Spain recently ended its longest period without a government since the reestablishment of democratic rule in the late 1970s. It took all of 315 days and two general elections for Mariano Rajoy to succeed in staying at the helm of the Spanish executive for a second term.
Given the seismic developments in Europe, from the self-inflected wound of Brexit, to the political weakness of France’s current president, François Hollande, to the resignation of Matteo Renzi as prime minister of Italy in early December, it now seems that Spain has become an island of stability in a sea of turmoil.

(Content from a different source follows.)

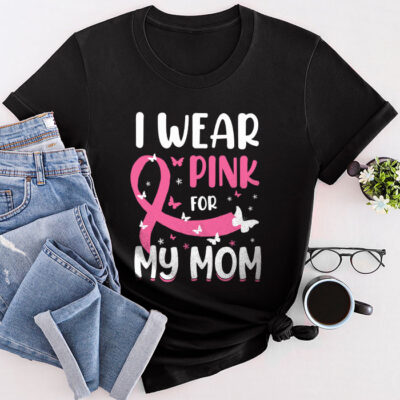 I Wear Pink For My Mom Breast Cancer Awareness Women'S Unisex T-Shirt Cotton Tee THM1124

There is talk in Madrid of a window of opportunity for Spain to play a major role in Europe. Some even speak of the possible emergence of a conservative axis connecting Angela Merkel, who is expected to hold on to the chancellorship of Germany after this fall’s federal elections, François Fillon, if he is elected leader of France in the upcoming presidential elections, and Rajoy. The appointment of Alfonso Dastis, an experienced diplomat with abundant knowledge of European Union matters, as Spain’s new foreign minister signals that indeed the country is placing European policy at the core of its international agenda.
This is a wise decision, given the many internal challenges faced by Europe, as well as external tests — including the looming threat posed by Russia in the east and the collapse of Europe’s southern neighborhood which is facing an unprecedented immigration wave that is eroding the popularity of moderate governments across the E.U. Given that the United States, Europe’s most important ally, has elected a Euroskeptic as its next president, political leadership from other E.U. member states is critical.

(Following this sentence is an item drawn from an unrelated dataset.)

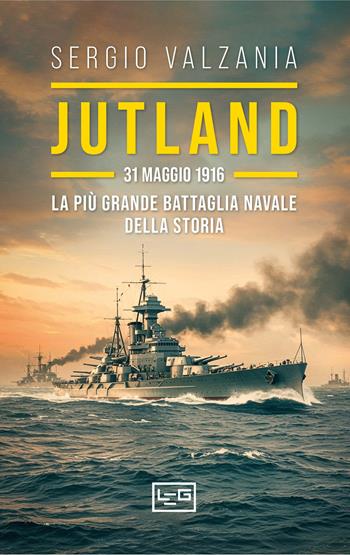 Jutland. 31 maggio 1916: la più grande battaglia navale della storia - Sergio Valzania - Libro LEG Edizioni 2025, Le guerre | Libraccio.it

The opportunity for Spain might therefore be a very real one. The country can become a sensible voice in discussions about furthering much-needed European integration in fields such as security and defense, or immigration policy, and could contribute to keeping Brexit negotiations balanced and steady. It could also play a major role in the rollout of the banking union, arguably the most significant piece of new E.U. architecture to emerge out of the recent euro-zone crisis.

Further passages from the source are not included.